Image credit: Dr. Alexandra Trkola
The search for an effective vaccine for AIDS/HIV has long been a battle for scientists and researchers around the world. Although HIV incidence has remained stable in the US at 50,000 new infections per year, the life-threatening disease continues to be a major global issue. According to the World Health Organization (WHO), an estimated 2.1 million people became newly infected with HIV globally in 2013, with an effective cure yet to be found.
Neutralizing antibodies are immune proteins that can recognize, bind to, and trigger the elimination of a virus before it can establish a chronic infection. Nabs have previously been researched as a tool against HIV and AIDs. In a study last year, scientists discovered for the first time how to create Nabs in those already infected with HIV-1.
Dr. Julia Overbaugh, from the Fred Hutchinson Cancer Research Center in Seattle, WA, and her team, focused on the role of Nabs in those “superinfected” with HIV, which is defined as those sequentially infected at least twice with HIV by different sexual partners.

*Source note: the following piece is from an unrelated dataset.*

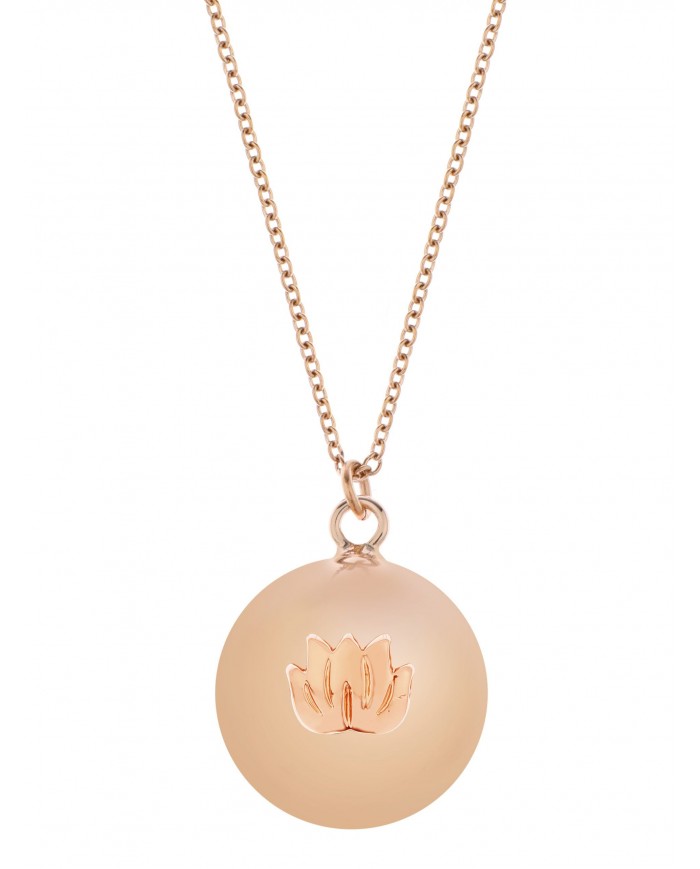 Boule rosé Lotus - chaine rosée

Results from 21 women who were tested suggest that Nabs mount a broad and potent response against diverse HIV subtypes. It is hoped that that this particular response can be mediated at least in part by polyclonal antibodies, which can then target different aspects of the virus.
These findings follow on from the team’s previous research into the superinfected. In that study, it was discovered that those infected twice had a more potent antibody response to the virus – which inhibited the virus from replicating – compared with women who have only been infected once.

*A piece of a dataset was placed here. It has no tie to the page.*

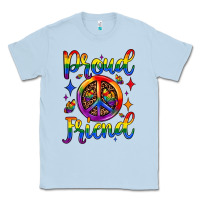 Dusty Blue proud friend Classic Tee - JahusDesignShop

Dr. Overbaugh hopes further research can be done on those superinfected, stating further research may “provide insight to the development of a diverse Nab response with multiple epitope specificities.”

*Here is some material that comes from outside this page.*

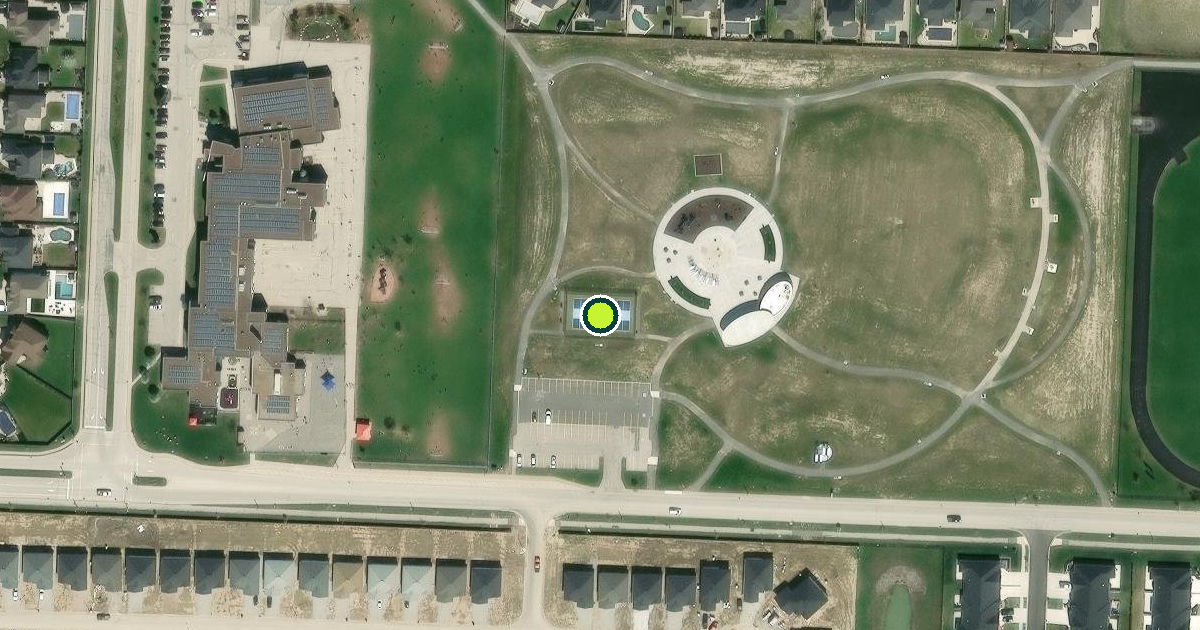 Satellite view of Lakeshore Pickleball Courts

Direct cell to cell transmission more prone to mutation strains
The second study published in PLOS Pathogens focused on Nabs effect on those infected with HIV/AIDS by cell-to-cell contact. Dr. Alexandra Trkola from the University of Zurich, Switzerland, and her colleagues, developed an assay that can specifically test the potency of Nabs to prevent direct cell-to-cell transmission of HIV.
By establishing an assay system, the free virus infection is restricted, resulting in infections only occurring through cell-to-cell transmissions. Researchers were able to test whether a large selection of Nabs could prevent cell-to-cell transmission of different HIV strains.
Although Nabs showed an overall decrease in activity, losses varied substantially depending on the antibody and virus strain examined. Scientists also discovered certain Nabs still retained activity during cell-to-cell transmission for individual viruses. However, this was generally not linked to a high potency of the free virus, but instead, displayed Nabs inhibiting prior to the binding of the virus to the CD4 receptor on T cells.
Mathematical analysis showed that when the virus was transmitted via cell to cell transmission, it was substantially more prone to give rise to mutation strains that can escape immune control compared to free virus transmissions.
Dr. Trkola said:
“This highlights the importance of controlling virus replication via the cell-cell transmission pathway even if the contribution of this transmission should provide to occur to a less extent than free virus spread in infected individuals.”